Macron au Louvre : la marche de l’algorithme de nos imaginaires présidentiels

 

Les images du Louvre resteront, comme celles du Panthéon pour Mitterrand. La marche nocturne solennelle du plus jeune président de la République traversant la cour Napoléon au son de l’« Hymne à la joie » de Beethoven fut donc le premier acte symbolique de cette présidence que Macron a, depuis le début de sa campagne, théorisée comme « jupitérienne », par rejet de celle, désolante d’horizontalité et de banalité, de son prédécesseur.

La France et les Français étaient, sans oser se le dire vraiment, en attente de cela. Le génie de Macron fut de l’avoir pressenti. On a dit que son équipe avait méthodiquement travaillé, pour ses discours, les attentes sémantiques des Français, de façon à apporter à chacun ce qu’il voulait entendre. C’était vrai pour le RSI (pardon pour ce retour du trivial dans notre 7 mai jupitérien !) et bien d’autres points du programme.
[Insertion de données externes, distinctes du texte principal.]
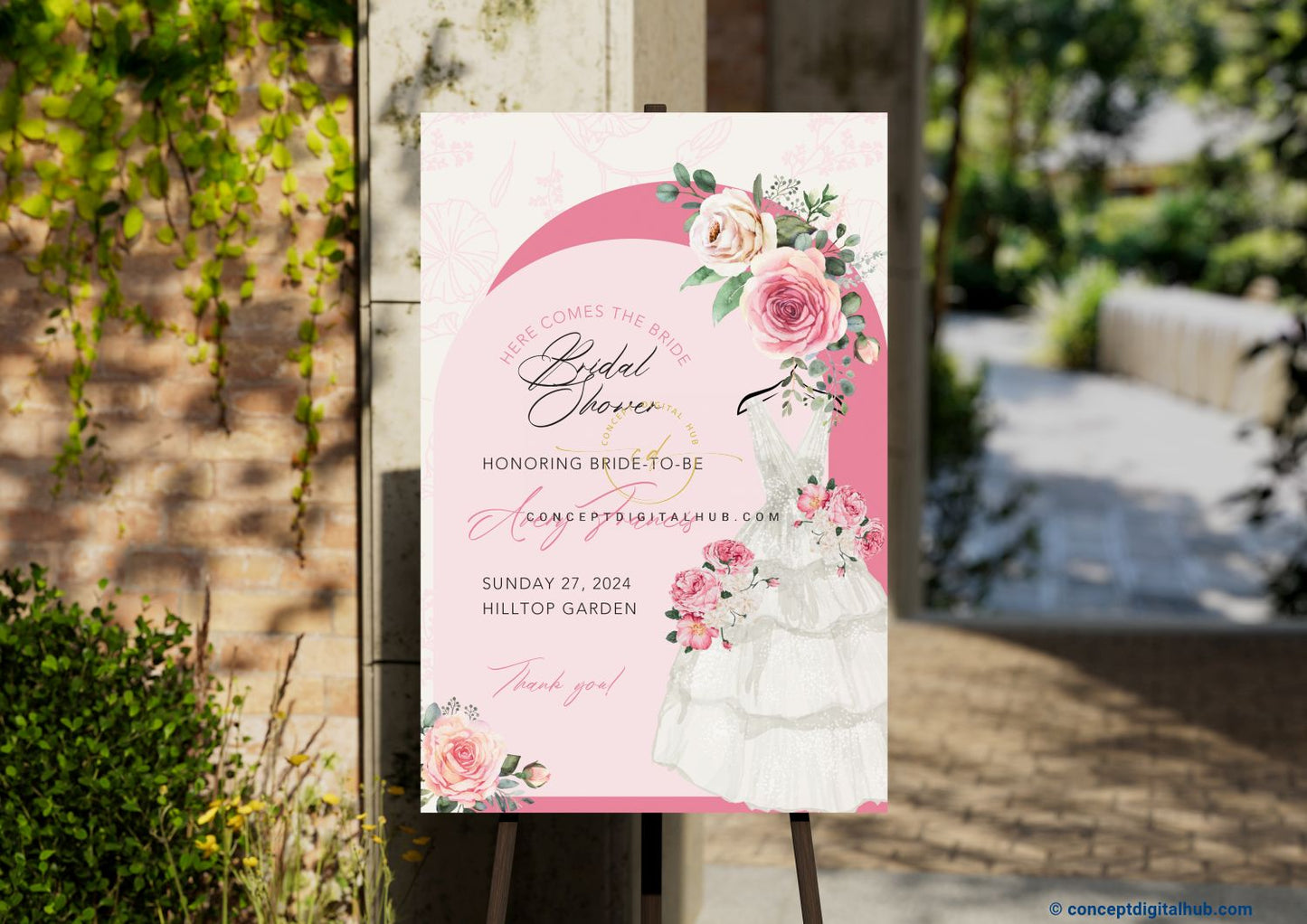 Pink Floral Welcome Board for Bridal Shower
Mais il y avait aussi les attentes symboliques : tous les petits clins d’œil adressés à la France de toujours, jusqu’à l’Ancien Régime (dont le nom fut prononcé hier par M. Macron, et sans acrimonie) : Orléans et Jeanne d’Arc, le Puy du Fou, et la « dimension christique » assumée du nouveau Président.
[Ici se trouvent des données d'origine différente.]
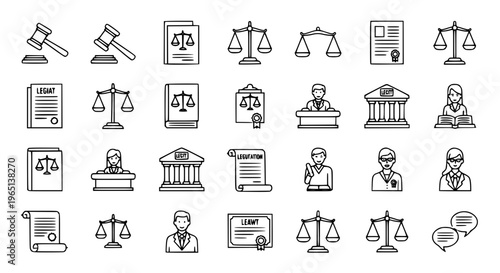 Minimal legislation outline icon set with law, legal, and justice symbols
Cela nous avait paru un peu fort, oui, et parfois ridicule. Mais c’était bien vu, et cela résonna loin dans les consciences ou les inconscients.

En écartant et la place de la République acquise à la gauche et, désormais, à Nuit debout, et la place de la Concorde, dévolue à la droite, mais en se déplaçant, juste à côté, au cœur du Louvre, du pouvoir royal, Macron réalisait plus qu’un recentrage, il inaugurait sa présidence dans une profondeur historique que peu de Présidents ont su donner à la France, un soir d’élection. Comme si cette profondeur et ces symboles devenaient de plus en plus nécessaires pour l’imaginaire, alors que, dans la réalité, les valeurs qu’ils symbolisent sont méthodiquement déconstruites, et d’abord par nos gouvernants.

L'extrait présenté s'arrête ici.